3. Cicada 3301 Maybe the most famous internet puzzle ever. Starting in 2012, a group calling itself Cicada 3301 posted mind-bending riddles across forums, websites, even physical locations around the world. Some people solved parts of it. Most didn’t. No one knows who was behind it. NSA recruitment test? Cult? ARG? Nobody knows. Still haunts Reddit.
4. Lake City Quiet Pills This one started on Reddit too. A user who went by the name religionofpeace died, and users noticed some weird stuff in their post history. It led to a bizarre site called Lake City Quiet Pills that looked like a crude image host—but the code behind it hinted at possible assassination jobs. It’s unclear if it was real or just an elaborate troll, but either way, very unsettling.
5. The Plague Doctor Video In 2015, a super creepy video started circulating. It showed someone in a plague doctor outfit sending what looked like encrypted messages through flashing lights and sound patterns. The footage was deeply unnerving. Some people thought it was a promo for a game. Others thought it was a threat. Still not officially explained.
6. Webdriver Torso A YouTube account started uploading thousands of short videos showing colored rectangles and electronic beeps. People thought it was a spy code. Turns out it was Google testing video quality—but the weird vibe and secrecy around it made it legendary. Also, one of the videos randomly showed the Eiffel Tower. Nobody knows why.
7. The Mystery of 11B-X-1371 Another creepy video, this one showed up in a forest in Poland and involved someone in a mask making strange hand signs. There were Morse code messages, sound spectrograms with hidden images, and a whole bunch of symbols. Some of it got decoded. Most didn’t. It’s still nightmare fuel.
8. I am Sophie This one started on YouTube too. It looked like a vlog from a rich influencer named Sophie. But things got weird fast. Glitches, dark turns, distorted footage.

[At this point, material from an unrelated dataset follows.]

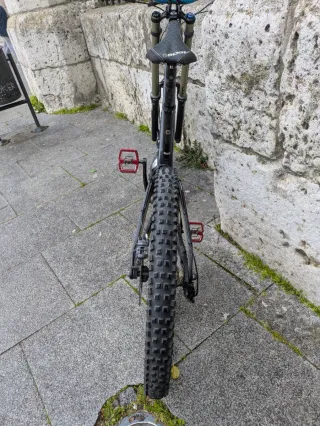 Bicicleta Descenso DH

Turned out to be an art project, but it blurred the line between fiction and reality so well that it freaked people out for weeks.
9. The Publius Enigma Back in 1994, someone calling themselves “Publius” started posting cryptic messages on Pink Floyd fan forums, claiming there was a hidden puzzle within the album The Division Bell. Pink Floyd never confirmed it. Fans are still arguing about it. Was it real? A hoax? Just someone bored and clever? Still unclear.
10. Missing Pages from the Voynich Manuscript Online Everyone knows the Voynich Manuscript is weird. But someone once claimed to have found scanned pages online that aren’t in the original physical copy. Then they vanished. Some say it was fake. Others swear they saw it. If true, it means we might be missing even more of this book that already makes zero sense.
So yeah. Sleep tight. The internet remembers everything—even the creepy stuff we can’t explain. Yet.